» **What to work on**
An exact copy of every record below is what's needed here.

» **Supplied data**

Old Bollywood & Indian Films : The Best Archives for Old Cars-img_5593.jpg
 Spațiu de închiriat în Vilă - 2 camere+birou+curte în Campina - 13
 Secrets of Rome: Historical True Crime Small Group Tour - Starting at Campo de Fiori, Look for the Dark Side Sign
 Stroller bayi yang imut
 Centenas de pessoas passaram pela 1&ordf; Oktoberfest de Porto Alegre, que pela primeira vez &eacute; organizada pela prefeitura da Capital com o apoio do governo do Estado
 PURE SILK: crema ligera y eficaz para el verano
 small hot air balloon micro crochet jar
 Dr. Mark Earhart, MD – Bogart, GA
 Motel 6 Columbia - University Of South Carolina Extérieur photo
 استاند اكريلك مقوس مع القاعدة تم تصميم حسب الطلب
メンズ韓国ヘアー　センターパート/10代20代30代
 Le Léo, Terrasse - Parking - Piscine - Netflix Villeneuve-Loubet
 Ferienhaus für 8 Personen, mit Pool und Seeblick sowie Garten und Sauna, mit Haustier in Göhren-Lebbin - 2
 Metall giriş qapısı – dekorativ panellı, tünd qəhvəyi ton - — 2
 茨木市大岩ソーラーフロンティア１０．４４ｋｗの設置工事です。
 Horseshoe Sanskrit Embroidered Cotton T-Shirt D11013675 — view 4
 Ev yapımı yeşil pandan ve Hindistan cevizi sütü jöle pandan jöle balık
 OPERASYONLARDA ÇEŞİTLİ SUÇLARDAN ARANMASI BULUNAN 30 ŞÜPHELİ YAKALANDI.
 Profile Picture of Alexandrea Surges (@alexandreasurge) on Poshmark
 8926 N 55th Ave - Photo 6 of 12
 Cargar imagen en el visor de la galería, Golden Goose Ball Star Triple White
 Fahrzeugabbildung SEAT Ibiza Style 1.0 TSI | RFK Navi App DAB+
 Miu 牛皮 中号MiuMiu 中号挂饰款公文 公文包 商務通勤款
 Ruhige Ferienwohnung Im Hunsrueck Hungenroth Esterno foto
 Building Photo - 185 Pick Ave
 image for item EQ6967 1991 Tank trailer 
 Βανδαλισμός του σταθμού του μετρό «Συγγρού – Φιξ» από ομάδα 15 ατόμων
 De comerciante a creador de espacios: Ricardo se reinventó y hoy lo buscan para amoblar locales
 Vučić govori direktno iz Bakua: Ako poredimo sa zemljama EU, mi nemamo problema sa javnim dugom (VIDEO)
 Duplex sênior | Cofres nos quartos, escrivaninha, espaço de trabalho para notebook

» **Solution for this task**
Old Bollywood & Indian Films : The Best Archives for Old Cars-img_5593.jpg
 Spațiu de închiriat în Vilă - 2 camere+birou+curte în Campina - 13
 Secrets of Rome: Historical True Crime Small Group Tour - Starting at Campo de Fiori, Look for the Dark Side Sign
 Stroller bayi yang imut
 Centenas de pessoas passaram pela 1&ordf; Oktoberfest de Porto Alegre, que pela primeira vez &eacute; organizada pela prefeitura da Capital com o apoio do governo do Estado
 PURE SILK: crema ligera y eficaz para el verano
 small hot air balloon micro crochet jar
 Dr. Mark Earhart, MD – Bogart, GA
 Motel 6 Columbia - University Of South Carolina Extérieur photo
 استاند اكريلك مقوس مع القاعدة تم تصميم حسب الطلب
メンズ韓国ヘアー　センターパート/10代20代30代
 Le Léo, Terrasse - Parking - Piscine - Netflix Villeneuve-Loubet
 Ferienhaus für 8 Personen, mit Pool und Seeblick sowie Garten und Sauna, mit Haustier in Göhren-Lebbin - 2
 Metall giriş qapısı – dekorativ panellı, tünd qəhvəyi ton - — 2
 茨木市大岩ソーラーフロンティア１０．４４ｋｗの設置工事です。
 Horseshoe Sanskrit Embroidered Cotton T-Shirt D11013675 — view 4
 Ev yapımı yeşil pandan ve Hindistan cevizi sütü jöle pandan jöle balık
 OPERASYONLARDA ÇEŞİTLİ SUÇLARDAN ARANMASI BULUNAN 30 ŞÜPHELİ YAKALANDI.
 Profile Picture of Alexandrea Surges (@alexandreasurge) on Poshmark
 8926 N 55th Ave - Photo 6 of 12
 Cargar imagen en el visor de la galería, Golden Goose Ball Star Triple White
 Fahrzeugabbildung SEAT Ibiza Style 1.0 TSI | RFK Navi App DAB+
 Miu 牛皮 中号MiuMiu 中号挂饰款公文 公文包 商務通勤款
 Ruhige Ferienwohnung Im Hunsrueck Hungenroth Esterno foto
 Building Photo - 185 Pick Ave
 image for item EQ6967 1991 Tank trailer 
 Βανδαλισμός του σταθμού του μετρό «Συγγρού – Φιξ» από ομάδα 15 ατόμων
 De comerciante a creador de espacios: Ricardo se reinventó y hoy lo buscan para amoblar locales
 Vučić govori direktno iz Bakua: Ako poredimo sa zemljama EU, mi nemamo problema sa javnim dugom (VIDEO)
 Duplex sênior | Cofres nos quartos, escrivaninha, espaço de trabalho para notebook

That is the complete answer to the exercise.